• Exercise directions: Retype the data exactly, leaving nothing out.

[Entries taken from a collection]
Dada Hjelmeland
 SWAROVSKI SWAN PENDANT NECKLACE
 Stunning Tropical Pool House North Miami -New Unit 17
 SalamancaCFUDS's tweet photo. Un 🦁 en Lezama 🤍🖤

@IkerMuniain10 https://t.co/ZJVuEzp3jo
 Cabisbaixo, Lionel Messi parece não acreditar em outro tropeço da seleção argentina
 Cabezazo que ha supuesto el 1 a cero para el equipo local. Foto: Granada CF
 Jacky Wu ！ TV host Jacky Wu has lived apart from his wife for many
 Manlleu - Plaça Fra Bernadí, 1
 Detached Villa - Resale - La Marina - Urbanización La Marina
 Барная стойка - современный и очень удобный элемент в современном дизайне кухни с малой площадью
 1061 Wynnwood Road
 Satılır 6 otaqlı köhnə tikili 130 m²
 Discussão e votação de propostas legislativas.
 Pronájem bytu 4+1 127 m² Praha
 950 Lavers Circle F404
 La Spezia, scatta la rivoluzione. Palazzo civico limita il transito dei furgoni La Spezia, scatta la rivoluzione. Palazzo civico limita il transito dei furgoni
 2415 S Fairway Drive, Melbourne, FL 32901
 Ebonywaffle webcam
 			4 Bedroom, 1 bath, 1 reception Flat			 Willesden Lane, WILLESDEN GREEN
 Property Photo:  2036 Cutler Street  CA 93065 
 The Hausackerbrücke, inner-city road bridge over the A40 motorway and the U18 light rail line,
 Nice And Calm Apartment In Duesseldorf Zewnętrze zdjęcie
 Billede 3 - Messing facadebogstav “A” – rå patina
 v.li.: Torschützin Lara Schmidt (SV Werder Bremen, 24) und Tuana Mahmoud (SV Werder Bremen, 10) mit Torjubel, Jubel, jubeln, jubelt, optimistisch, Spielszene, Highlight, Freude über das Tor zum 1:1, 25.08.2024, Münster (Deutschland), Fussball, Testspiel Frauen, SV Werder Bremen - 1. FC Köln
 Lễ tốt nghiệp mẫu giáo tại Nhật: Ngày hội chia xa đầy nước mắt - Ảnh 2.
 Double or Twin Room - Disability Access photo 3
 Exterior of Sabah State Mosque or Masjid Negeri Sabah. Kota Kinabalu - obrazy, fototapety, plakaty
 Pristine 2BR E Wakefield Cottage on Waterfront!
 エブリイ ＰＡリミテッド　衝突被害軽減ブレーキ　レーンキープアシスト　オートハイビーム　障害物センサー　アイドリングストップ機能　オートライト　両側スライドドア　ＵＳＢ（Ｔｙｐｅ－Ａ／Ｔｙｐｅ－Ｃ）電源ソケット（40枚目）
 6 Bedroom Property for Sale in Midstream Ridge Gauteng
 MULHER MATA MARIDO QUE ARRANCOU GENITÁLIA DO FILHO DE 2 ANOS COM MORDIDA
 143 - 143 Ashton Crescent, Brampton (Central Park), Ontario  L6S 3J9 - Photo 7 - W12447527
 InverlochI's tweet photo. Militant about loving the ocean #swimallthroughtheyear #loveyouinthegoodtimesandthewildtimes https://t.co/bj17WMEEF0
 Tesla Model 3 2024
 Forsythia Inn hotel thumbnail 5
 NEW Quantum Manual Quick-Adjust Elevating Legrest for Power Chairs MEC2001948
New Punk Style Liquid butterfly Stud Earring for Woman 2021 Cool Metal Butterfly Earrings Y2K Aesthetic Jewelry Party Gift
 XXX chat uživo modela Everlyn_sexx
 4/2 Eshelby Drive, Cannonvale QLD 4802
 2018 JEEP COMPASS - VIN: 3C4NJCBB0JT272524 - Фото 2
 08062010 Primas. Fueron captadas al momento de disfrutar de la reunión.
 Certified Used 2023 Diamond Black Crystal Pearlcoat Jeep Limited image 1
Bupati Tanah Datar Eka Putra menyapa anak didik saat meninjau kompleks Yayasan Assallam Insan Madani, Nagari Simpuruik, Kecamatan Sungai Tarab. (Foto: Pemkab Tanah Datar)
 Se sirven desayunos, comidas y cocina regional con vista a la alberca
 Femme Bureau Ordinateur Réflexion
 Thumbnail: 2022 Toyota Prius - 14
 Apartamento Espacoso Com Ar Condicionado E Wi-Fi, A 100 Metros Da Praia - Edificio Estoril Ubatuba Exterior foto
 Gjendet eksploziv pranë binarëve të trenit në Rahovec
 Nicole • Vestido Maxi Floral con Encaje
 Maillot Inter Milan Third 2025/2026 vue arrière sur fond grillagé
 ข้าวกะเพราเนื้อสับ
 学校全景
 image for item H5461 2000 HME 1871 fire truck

• Task output:
Dada Hjelmeland
 SWAROVSKI SWAN PENDANT NECKLACE
 Stunning Tropical Pool House North Miami -New Unit 17
 SalamancaCFUDS's tweet photo. Un 🦁 en Lezama 🤍🖤

@IkerMuniain10 https://t.co/ZJVuEzp3jo
 Cabisbaixo, Lionel Messi parece não acreditar em outro tropeço da seleção argentina
 Cabezazo que ha supuesto el 1 a cero para el equipo local. Foto: Granada CF
 Jacky Wu ！ TV host Jacky Wu has lived apart from his wife for many
 Manlleu - Plaça Fra Bernadí, 1
 Detached Villa - Resale - La Marina - Urbanización La Marina
 Барная стойка - современный и очень удобный элемент в современном дизайне кухни с малой площадью
 1061 Wynnwood Road
 Satılır 6 otaqlı köhnə tikili 130 m²
 Discussão e votação de propostas legislativas.
 Pronájem bytu 4+1 127 m² Praha
 950 Lavers Circle F404
 La Spezia, scatta la rivoluzione. Palazzo civico limita il transito dei furgoni La Spezia, scatta la rivoluzione. Palazzo civico limita il transito dei furgoni
 2415 S Fairway Drive, Melbourne, FL 32901
 Ebonywaffle webcam
 			4 Bedroom, 1 bath, 1 reception Flat			 Willesden Lane, WILLESDEN GREEN
 Property Photo:  2036 Cutler Street  CA 93065 
 The Hausackerbrücke, inner-city road bridge over the A40 motorway and the U18 light rail line,
 Nice And Calm Apartment In Duesseldorf Zewnętrze zdjęcie
 Billede 3 - Messing facadebogstav “A” – rå patina
 v.li.: Torschützin Lara Schmidt (SV Werder Bremen, 24) und Tuana Mahmoud (SV Werder Bremen, 10) mit Torjubel, Jubel, jubeln, jubelt, optimistisch, Spielszene, Highlight, Freude über das Tor zum 1:1, 25.08.2024, Münster (Deutschland), Fussball, Testspiel Frauen, SV Werder Bremen - 1. FC Köln
 Lễ tốt nghiệp mẫu giáo tại Nhật: Ngày hội chia xa đầy nước mắt - Ảnh 2.
 Double or Twin Room - Disability Access photo 3
 Exterior of Sabah State Mosque or Masjid Negeri Sabah. Kota Kinabalu - obrazy, fototapety, plakaty
 Pristine 2BR E Wakefield Cottage on Waterfront!
 エブリイ ＰＡリミテッド　衝突被害軽減ブレーキ　レーンキープアシスト　オートハイビーム　障害物センサー　アイドリングストップ機能　オートライト　両側スライドドア　ＵＳＢ（Ｔｙｐｅ－Ａ／Ｔｙｐｅ－Ｃ）電源ソケット（40枚目）
 6 Bedroom Property for Sale in Midstream Ridge Gauteng
 MULHER MATA MARIDO QUE ARRANCOU GENITÁLIA DO FILHO DE 2 ANOS COM MORDIDA
 143 - 143 Ashton Crescent, Brampton (Central Park), Ontario  L6S 3J9 - Photo 7 - W12447527
 InverlochI's tweet photo. Militant about loving the ocean #swimallthroughtheyear #loveyouinthegoodtimesandthewildtimes https://t.co/bj17WMEEF0
 Tesla Model 3 2024
 Forsythia Inn hotel thumbnail 5
 NEW Quantum Manual Quick-Adjust Elevating Legrest for Power Chairs MEC2001948
New Punk Style Liquid butterfly Stud Earring for Woman 2021 Cool Metal Butterfly Earrings Y2K Aesthetic Jewelry Party Gift
 XXX chat uživo modela Everlyn_sexx
 4/2 Eshelby Drive, Cannonvale QLD 4802
 2018 JEEP COMPASS - VIN: 3C4NJCBB0JT272524 - Фото 2
 08062010 Primas. Fueron captadas al momento de disfrutar de la reunión.
 Certified Used 2023 Diamond Black Crystal Pearlcoat Jeep Limited image 1
Bupati Tanah Datar Eka Putra menyapa anak didik saat meninjau kompleks Yayasan Assallam Insan Madani, Nagari Simpuruik, Kecamatan Sungai Tarab. (Foto: Pemkab Tanah Datar)
 Se sirven desayunos, comidas y cocina regional con vista a la alberca
 Femme Bureau Ordinateur Réflexion
 Thumbnail: 2022 Toyota Prius - 14
 Apartamento Espacoso Com Ar Condicionado E Wi-Fi, A 100 Metros Da Praia - Edificio Estoril Ubatuba Exterior foto
 Gjendet eksploziv pranë binarëve të trenit në Rahovec
 Nicole • Vestido Maxi Floral con Encaje
 Maillot Inter Milan Third 2025/2026 vue arrière sur fond grillagé
 ข้าวกะเพราเนื้อสับ
 学校全景
 image for item H5461 2000 HME 1871 fire truck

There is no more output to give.